Pro-Life or Pro-Me?

Steve Chapman has an excellent column today about politicians conveniently changing positions on abortion when it fits their needs. He focuses first on Massachusetts Governor Mitt Romney, who was strongly pro-choice as recently as 1994, when he ran for Senate against Ted Kennedy. His position on life issues, and actions as governor, became more conservative just about the time he began attempting to court conservative GOP primary voters. Coincidence? You decide. Romney is in good company:

It's a little unfair to single out the Massachusetts governor, since he is not the first presidential candidate to outgrow a youthful set of abortion beliefs. Ronald Reagan signed a liberal abortion law in California before reversing himself. George H.W. Bush, once a supporter of abortion rights, took the opposite position as Reagan's running mate in 1980. The current president had a liberal position when he ran for Congress in 1978.

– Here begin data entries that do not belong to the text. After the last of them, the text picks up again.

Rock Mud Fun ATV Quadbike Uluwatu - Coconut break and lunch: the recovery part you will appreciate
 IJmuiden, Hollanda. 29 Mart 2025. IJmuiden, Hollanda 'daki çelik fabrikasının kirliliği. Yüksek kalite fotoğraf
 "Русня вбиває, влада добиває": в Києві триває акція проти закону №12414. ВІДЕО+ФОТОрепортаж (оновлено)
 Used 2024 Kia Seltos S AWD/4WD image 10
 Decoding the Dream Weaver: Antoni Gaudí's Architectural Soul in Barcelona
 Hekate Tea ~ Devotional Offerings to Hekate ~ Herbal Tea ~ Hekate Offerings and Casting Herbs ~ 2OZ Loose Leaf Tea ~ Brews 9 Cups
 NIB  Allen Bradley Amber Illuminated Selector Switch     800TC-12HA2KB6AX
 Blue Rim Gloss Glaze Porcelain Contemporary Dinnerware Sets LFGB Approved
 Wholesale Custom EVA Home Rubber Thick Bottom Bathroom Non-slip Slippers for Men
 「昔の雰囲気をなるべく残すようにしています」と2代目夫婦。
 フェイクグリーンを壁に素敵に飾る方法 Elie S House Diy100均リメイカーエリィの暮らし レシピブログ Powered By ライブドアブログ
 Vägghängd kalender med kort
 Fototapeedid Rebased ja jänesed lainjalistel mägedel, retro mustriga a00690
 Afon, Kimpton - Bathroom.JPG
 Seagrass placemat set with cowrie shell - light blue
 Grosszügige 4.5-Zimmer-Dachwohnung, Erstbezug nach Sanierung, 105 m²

But Democrats have proven equally open-minded. Jesse Jackson, who once denounced legal abortion as "a policy of killing infants," morphed when he ran for president in 1984. Al Gore, who once voted for a measure stipulating that life begins at conception, made an about-face before becoming Bill Clinton's running mate in 1992. As governor of Arkansas, Clinton said, "I am opposed to abortion and to government funding of abortion." As president, not so much.

You will notice the common element: Each of these shifts, however morally sincere, perfectly fit the political needs of the candidate in question at that point in his career.

Does that make you feel you can't trust politicians on this subject? It shouldn't. The record shows clearly that you can trust almost any politician to champion the abortion policy that serves his or her immediate interests, and to sincerely place his own political prospects above anything else.